▶ _YOUR ASSIGNMENT_:
From the line containing "Sowpeace Tribal Essence" down to the line containing "4-Chloro-6-methoxyquinolin-8-amine structure", copy out the entries below exactly, both lines included, and nothing else; pictures do not belong in the copy.
....
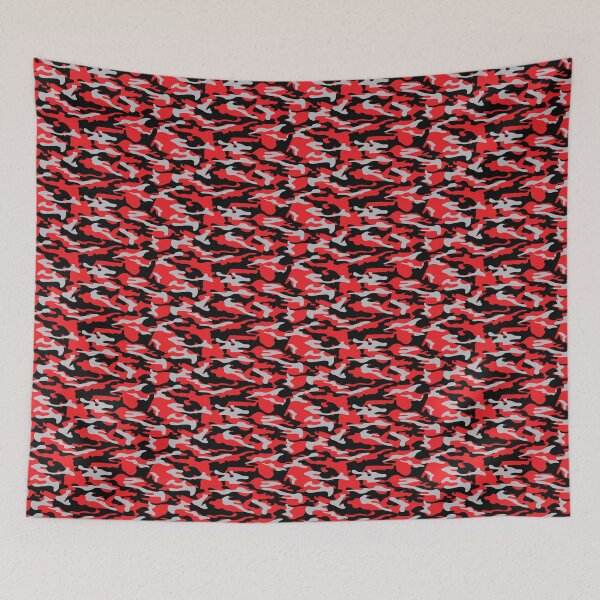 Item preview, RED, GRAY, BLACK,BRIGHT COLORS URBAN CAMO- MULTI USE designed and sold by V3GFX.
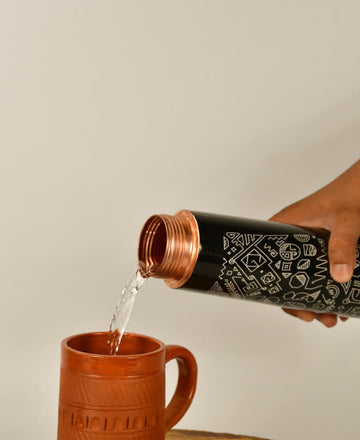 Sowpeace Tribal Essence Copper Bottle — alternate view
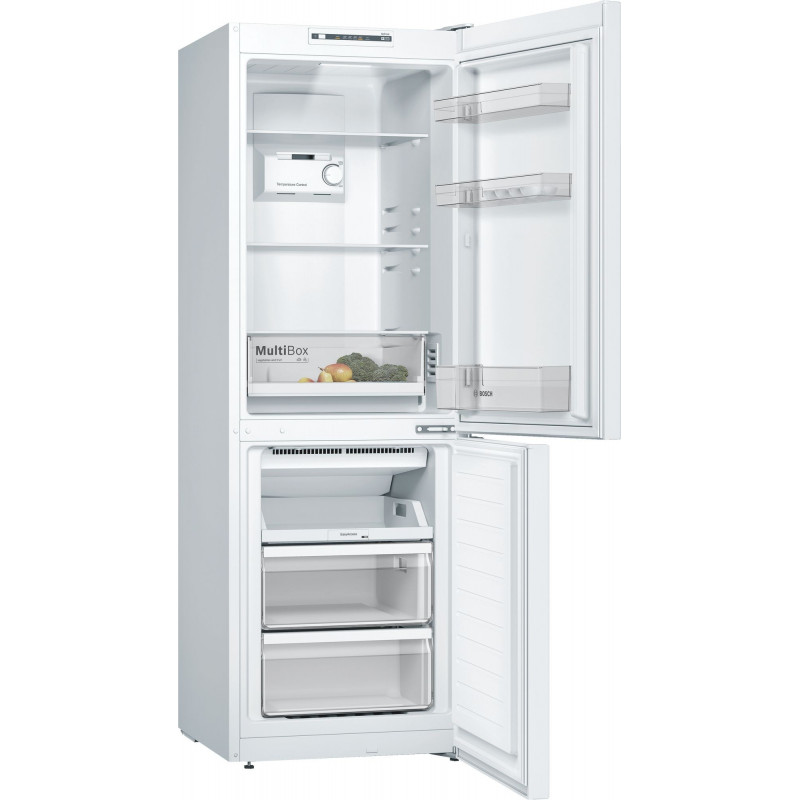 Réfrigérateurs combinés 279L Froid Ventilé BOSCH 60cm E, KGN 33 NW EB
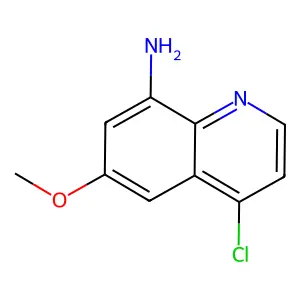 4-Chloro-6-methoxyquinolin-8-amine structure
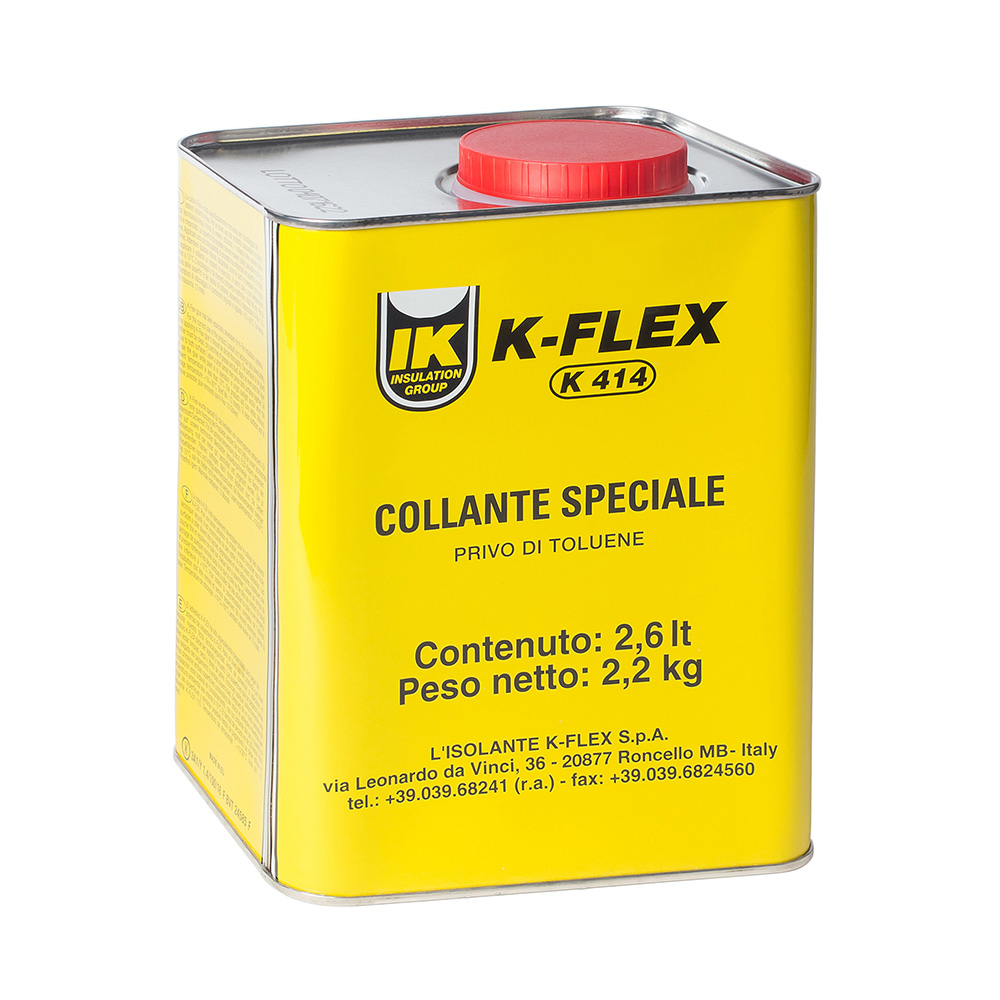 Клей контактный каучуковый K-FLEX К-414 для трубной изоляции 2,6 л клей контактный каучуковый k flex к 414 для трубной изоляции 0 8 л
....
▶ _ANSWER BOX_:
 Sowpeace Tribal Essence Copper Bottle — alternate view
 Réfrigérateurs combinés 279L Froid Ventilé BOSCH 60cm E, KGN 33 NW EB
 4-Chloro-6-methoxyquinolin-8-amine structure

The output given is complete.